** WORKING DATA follows **
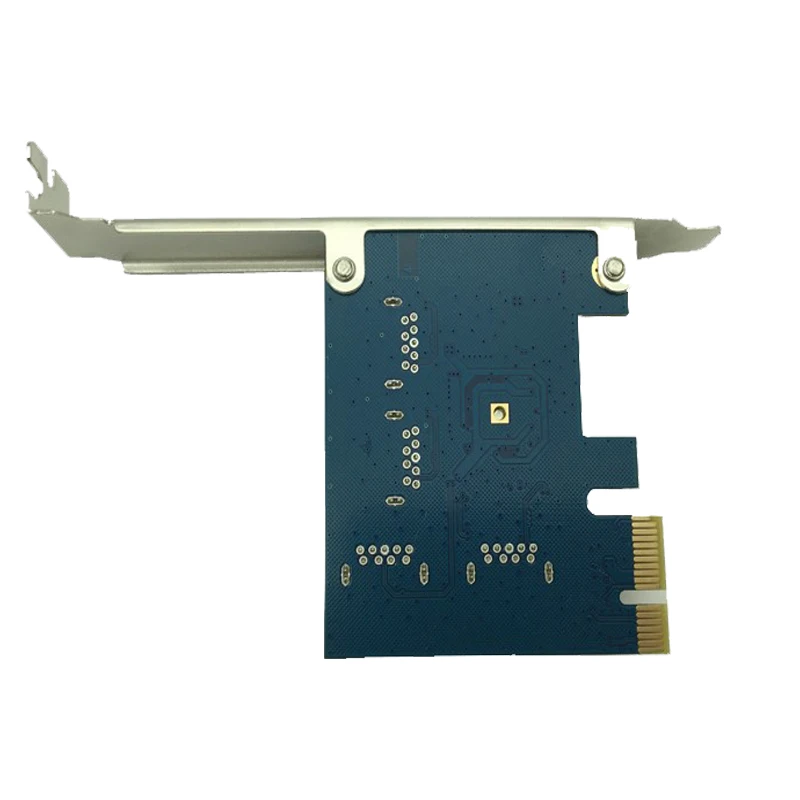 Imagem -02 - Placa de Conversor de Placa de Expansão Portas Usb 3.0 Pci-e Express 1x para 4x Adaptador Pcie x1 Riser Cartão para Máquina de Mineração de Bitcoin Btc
** End of WORKING DATA **
** WORKING DATA follows **
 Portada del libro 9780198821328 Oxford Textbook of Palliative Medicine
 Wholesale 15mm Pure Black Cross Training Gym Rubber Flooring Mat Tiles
** End of WORKING DATA **
### [WHAT YOU SHOULD DO]
Retype the portion of the data above that starts on the line with "Portada del libro" and finishes on the line with "Wholesale 15mm Pure", including both of those lines.

### [ANSWER FOR THIS EXERCISE]
 Portada del libro 9780198821328 Oxford Textbook of Palliative Medicine
 Wholesale 15mm Pure Black Cross Training Gym Rubber Flooring Mat Tiles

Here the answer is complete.